All streams run to the sea,
  but the sea is not full;
to the place where the streams flow,
  there they flow again.
All things are full of weariness;
  a man cannot utter it;
the eye is not satisfied with seeing,
  nor the ear filled with hearing.
What has been is what will be,
  and what has been done is what will be done,
  and there is nothing new under the sun.
Is there a thing of which it is said,
  “See, this is new”?
It has been already
  in the ages before us.
There is no remembrance of former things,
  nor will there be any remembrance
of later things yet to be
  among those who come after.

Ecclesiastes is basically an apologetic against the worldviews that were competing against ancient Hebrew thought at that time. Those worldviews thought that history was cyclical, and Solomon’s book makes it very clear how pointless such a history would be. On the other hand, history in the eyes of the Hebrew Bible is linear with a definite beginning and certain goal.

Modern cosmology falls squarely in the sights of Ecclesiastes.

The vanity of modern cosmology

Not only are you supposed to believe that nobody will ever remember or care about anything you do. You’re also supposed to believe that the same thing is going to happen to someone else somewhere else. Over and over again forever.

Why should you go to work tomorrow? According to modern cosmology your work is going to fizzle away and be forgotten. And then eventually someone else somewhere else is going to do whatever you are going to do tomorrow, whether you do it or not. So why not just stay home?

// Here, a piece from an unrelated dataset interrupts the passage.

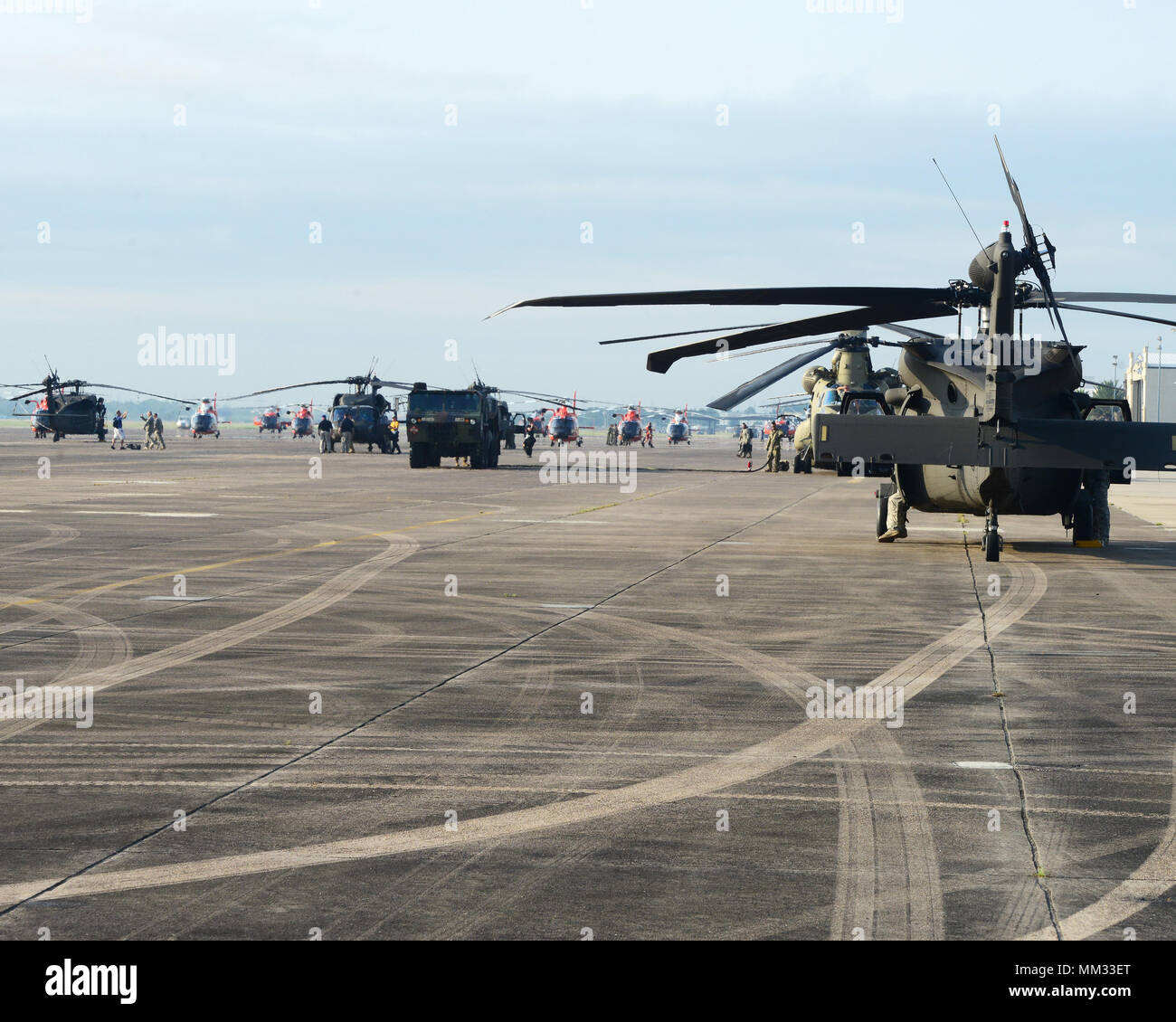 Helicopters from the National Guard and U.S. Coast Guard sit on the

On the one hand you can get away with whatever you want because nobody is watching, or if they are their opinion doesn’t really matter in the grand scheme of things because they’re destined to be just a fizzled out nothing.

But on the other hand there is no glory in anything you do, because you also are destined to be just a fizzled out nothing.

To put it simply, there is no “oughtness” to modern cosmology.

The weight and consequence of Biblical cosmology

In sharp contrast, the Bible is very clear that history has a date of manufacture. That was a few thousand years ago when God started saying things.

And it is also clear that history is on a very intentional trajectory leading through a series of intentional events planned and executed by a sovereign and wise God.

For example, the Day of Judgment is coming when “the heavens will pass away with a roar, and the heavenly bodies will be burned up and dissolved, and the earth and the works that are done on it will be exposed” (2 Peter 3:10).

There is a God who made you. Therefore you are accountable to him. Furthermore he has fixed a Day of Judgment and has gone to great lengths to make two things clear: you are a sinner who is not able to make it through that Day; and there is a savior who is able to bring you through unscathed.

Not only ought you to go to work (because God said so in 2 Thessalonians 3:6–12)—it’s possible for your work tomorrow to be eternally significant (because God will reward whatever service is rendered to him—Ephesians 6:7–8).